Authors:
Jim Ahlstrand
1
;
2
;
Anton Borg
1
;
Håkan Grahn
1
and
Martin Boldt
1
Affiliations:
1
Blekinge Institute of Technology, 37179, Karlskrona, Sweden
;
2
Telenor Sweden AB, Karlskrona, Sweden
Keyword(s):
Churn Prediction, B2B, Machine Learning, Time-Series Data, Telecommunication, Conformal Prediction.
Abstract:
In the competitive business-to-business (B2B) landscape, retaining clients is critical to sustaining growth, yet customer churn presents substantial challenges.
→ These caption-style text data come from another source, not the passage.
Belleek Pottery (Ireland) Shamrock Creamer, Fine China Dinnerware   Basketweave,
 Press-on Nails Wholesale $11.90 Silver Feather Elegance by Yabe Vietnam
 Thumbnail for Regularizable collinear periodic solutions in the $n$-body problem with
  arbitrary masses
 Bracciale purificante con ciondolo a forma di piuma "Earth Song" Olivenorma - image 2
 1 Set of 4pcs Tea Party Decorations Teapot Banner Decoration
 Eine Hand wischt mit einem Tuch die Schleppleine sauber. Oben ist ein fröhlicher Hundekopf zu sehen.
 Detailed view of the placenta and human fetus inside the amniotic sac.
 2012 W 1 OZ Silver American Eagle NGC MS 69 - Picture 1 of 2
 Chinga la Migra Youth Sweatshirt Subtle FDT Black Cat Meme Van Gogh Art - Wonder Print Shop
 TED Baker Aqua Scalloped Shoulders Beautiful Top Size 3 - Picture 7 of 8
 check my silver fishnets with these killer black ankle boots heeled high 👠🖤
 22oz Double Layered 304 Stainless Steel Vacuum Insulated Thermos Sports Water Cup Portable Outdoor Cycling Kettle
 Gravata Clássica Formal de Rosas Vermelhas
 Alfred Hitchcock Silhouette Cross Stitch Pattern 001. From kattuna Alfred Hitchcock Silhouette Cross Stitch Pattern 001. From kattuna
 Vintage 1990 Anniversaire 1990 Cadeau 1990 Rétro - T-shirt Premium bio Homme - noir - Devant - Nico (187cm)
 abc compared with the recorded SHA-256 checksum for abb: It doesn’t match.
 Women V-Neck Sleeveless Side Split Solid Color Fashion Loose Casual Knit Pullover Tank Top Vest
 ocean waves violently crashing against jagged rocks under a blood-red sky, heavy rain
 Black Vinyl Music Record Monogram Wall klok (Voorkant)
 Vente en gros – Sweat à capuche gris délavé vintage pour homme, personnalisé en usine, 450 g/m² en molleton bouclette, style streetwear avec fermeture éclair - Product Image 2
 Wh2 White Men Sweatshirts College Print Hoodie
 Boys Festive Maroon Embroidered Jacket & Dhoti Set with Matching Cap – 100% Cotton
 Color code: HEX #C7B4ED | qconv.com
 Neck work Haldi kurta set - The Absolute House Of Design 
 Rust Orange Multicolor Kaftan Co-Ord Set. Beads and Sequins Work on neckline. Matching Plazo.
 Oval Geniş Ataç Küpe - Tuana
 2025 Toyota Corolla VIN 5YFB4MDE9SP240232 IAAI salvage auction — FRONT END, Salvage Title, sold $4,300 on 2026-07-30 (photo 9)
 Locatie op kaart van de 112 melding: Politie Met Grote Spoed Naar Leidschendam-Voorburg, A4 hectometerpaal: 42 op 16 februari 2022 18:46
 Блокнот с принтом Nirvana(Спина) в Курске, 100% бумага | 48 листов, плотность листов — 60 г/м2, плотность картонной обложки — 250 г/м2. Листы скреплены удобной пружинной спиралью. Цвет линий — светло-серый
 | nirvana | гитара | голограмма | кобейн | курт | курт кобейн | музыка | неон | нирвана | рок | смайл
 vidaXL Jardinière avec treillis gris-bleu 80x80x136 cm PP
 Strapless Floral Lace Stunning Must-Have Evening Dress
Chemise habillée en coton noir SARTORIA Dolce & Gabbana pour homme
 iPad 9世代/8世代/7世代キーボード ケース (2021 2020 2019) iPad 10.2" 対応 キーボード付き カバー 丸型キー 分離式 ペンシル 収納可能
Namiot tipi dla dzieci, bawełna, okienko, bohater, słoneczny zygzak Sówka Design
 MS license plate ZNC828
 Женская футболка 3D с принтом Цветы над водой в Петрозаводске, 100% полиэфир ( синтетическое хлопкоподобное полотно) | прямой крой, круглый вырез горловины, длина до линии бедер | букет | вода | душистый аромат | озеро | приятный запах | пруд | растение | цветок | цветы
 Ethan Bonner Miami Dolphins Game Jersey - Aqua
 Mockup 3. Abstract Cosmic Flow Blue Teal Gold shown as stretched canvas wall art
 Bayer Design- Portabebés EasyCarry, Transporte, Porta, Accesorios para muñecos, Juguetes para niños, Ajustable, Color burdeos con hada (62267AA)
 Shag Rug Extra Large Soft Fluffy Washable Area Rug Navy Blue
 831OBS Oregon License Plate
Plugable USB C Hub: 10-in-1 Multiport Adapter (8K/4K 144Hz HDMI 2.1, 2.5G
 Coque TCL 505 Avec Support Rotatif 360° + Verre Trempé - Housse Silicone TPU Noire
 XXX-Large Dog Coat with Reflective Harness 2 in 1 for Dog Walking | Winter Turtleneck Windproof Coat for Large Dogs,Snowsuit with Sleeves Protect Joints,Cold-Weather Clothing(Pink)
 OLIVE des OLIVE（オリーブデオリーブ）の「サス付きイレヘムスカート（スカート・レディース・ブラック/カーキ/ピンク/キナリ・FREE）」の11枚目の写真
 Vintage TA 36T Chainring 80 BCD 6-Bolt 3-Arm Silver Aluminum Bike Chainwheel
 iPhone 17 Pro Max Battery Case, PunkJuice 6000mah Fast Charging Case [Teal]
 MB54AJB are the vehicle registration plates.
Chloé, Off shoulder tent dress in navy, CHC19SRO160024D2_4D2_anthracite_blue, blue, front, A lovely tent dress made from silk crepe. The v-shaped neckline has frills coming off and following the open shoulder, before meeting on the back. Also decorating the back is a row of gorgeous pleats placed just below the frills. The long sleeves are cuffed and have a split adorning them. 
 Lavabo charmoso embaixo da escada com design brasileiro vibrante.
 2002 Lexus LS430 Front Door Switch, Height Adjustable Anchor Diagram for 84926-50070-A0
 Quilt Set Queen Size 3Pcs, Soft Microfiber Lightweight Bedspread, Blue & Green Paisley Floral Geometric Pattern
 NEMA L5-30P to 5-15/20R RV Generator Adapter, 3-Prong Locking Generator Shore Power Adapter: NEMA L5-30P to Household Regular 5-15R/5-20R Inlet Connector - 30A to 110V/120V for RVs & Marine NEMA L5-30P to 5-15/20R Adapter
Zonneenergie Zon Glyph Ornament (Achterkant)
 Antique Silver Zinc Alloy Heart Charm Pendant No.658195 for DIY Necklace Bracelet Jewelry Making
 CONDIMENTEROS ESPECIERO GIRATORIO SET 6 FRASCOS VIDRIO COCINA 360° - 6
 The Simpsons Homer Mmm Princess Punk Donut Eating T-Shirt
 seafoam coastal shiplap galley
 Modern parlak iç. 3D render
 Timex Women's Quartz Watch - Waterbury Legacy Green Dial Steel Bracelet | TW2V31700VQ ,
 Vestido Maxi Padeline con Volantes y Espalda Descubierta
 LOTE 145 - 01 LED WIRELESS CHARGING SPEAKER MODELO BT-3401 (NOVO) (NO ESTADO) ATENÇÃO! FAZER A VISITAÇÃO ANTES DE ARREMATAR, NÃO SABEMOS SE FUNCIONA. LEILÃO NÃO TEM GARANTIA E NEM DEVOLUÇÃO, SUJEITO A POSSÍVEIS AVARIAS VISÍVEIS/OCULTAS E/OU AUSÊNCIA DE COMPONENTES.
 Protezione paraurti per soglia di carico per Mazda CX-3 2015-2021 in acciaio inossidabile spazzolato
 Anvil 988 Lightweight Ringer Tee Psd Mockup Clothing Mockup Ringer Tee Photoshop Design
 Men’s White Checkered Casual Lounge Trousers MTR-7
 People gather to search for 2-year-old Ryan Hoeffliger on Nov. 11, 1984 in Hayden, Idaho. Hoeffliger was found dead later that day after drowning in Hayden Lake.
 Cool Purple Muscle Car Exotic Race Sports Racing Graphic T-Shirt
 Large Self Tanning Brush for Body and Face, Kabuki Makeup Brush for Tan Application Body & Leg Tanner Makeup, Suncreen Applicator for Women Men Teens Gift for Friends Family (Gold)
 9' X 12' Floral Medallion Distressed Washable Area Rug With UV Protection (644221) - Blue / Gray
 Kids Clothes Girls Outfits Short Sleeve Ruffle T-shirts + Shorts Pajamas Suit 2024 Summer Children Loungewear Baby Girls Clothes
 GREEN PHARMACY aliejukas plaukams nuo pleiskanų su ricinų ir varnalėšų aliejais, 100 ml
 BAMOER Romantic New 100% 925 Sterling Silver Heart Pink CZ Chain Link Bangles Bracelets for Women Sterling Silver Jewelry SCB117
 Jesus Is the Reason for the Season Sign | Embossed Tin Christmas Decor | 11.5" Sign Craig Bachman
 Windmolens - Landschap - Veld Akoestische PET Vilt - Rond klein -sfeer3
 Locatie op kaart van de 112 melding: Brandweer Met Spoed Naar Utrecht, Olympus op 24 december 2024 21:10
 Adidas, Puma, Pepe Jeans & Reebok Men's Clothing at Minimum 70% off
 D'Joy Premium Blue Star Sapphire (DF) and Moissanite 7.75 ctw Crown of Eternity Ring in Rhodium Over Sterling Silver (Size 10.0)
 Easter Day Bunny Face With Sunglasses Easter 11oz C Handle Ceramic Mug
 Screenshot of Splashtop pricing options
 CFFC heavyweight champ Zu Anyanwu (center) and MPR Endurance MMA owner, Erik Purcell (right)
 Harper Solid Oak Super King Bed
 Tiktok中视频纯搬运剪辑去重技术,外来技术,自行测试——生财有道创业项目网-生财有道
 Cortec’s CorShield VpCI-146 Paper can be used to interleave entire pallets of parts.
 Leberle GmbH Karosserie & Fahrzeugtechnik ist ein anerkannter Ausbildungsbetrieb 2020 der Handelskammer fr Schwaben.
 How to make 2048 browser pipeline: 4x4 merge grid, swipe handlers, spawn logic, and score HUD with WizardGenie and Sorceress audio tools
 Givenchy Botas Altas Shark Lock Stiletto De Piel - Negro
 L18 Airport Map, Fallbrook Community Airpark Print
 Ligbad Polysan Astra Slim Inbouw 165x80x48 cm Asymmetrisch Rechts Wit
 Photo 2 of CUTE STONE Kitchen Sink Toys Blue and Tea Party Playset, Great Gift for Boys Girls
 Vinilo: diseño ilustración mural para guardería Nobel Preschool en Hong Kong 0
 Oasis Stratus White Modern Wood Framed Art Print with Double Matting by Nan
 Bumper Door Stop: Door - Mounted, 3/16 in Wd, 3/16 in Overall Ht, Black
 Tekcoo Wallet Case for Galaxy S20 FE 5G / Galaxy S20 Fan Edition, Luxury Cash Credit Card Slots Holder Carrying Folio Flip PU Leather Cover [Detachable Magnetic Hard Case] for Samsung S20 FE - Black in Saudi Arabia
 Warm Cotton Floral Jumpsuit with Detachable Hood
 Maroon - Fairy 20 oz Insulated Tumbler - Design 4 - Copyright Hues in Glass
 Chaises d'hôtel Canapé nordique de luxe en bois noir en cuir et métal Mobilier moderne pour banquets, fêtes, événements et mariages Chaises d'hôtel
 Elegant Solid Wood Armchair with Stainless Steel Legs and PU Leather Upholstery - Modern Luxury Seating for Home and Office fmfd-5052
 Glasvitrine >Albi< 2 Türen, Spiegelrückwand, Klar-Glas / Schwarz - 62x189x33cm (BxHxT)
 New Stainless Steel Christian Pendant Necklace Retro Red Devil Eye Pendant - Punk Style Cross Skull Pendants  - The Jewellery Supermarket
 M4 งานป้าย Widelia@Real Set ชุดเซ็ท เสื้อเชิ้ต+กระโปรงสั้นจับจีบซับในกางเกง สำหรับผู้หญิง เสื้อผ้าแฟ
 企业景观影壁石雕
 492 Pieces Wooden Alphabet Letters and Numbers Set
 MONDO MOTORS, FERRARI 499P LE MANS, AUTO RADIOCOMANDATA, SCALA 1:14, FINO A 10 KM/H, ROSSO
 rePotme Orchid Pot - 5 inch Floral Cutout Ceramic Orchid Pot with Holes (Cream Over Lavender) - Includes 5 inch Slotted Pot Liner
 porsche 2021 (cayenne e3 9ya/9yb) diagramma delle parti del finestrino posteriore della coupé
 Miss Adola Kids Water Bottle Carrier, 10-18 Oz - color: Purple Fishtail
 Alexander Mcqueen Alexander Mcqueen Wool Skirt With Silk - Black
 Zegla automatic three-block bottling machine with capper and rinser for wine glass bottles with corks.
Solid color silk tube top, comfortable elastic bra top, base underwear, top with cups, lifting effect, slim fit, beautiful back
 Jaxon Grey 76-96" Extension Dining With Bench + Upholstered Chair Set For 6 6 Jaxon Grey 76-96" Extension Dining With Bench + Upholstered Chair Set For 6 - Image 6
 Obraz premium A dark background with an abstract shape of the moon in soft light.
This paper presents a novel approach to customer churn prediction using a modified Transformer architecture tailored to multivariate time-series data. We suggest that analyzing customer behavior patterns over time can indicate potential churn. Our findings suggest that while uncertainty remains high, the proposed model performs competitively against existing methods. The Transformer architecture achieves a top decile lift of almost 5 and 0.77 AUC. We assess the model’s confidence by employing conformal prediction, providing valuable insights for targeted anti-churn campaigns. This work highlights the potential of Transformers to address churn dynamics, offering a scalable solution to identify at-risk customers and inform strategic retention efforts in B2B contexts.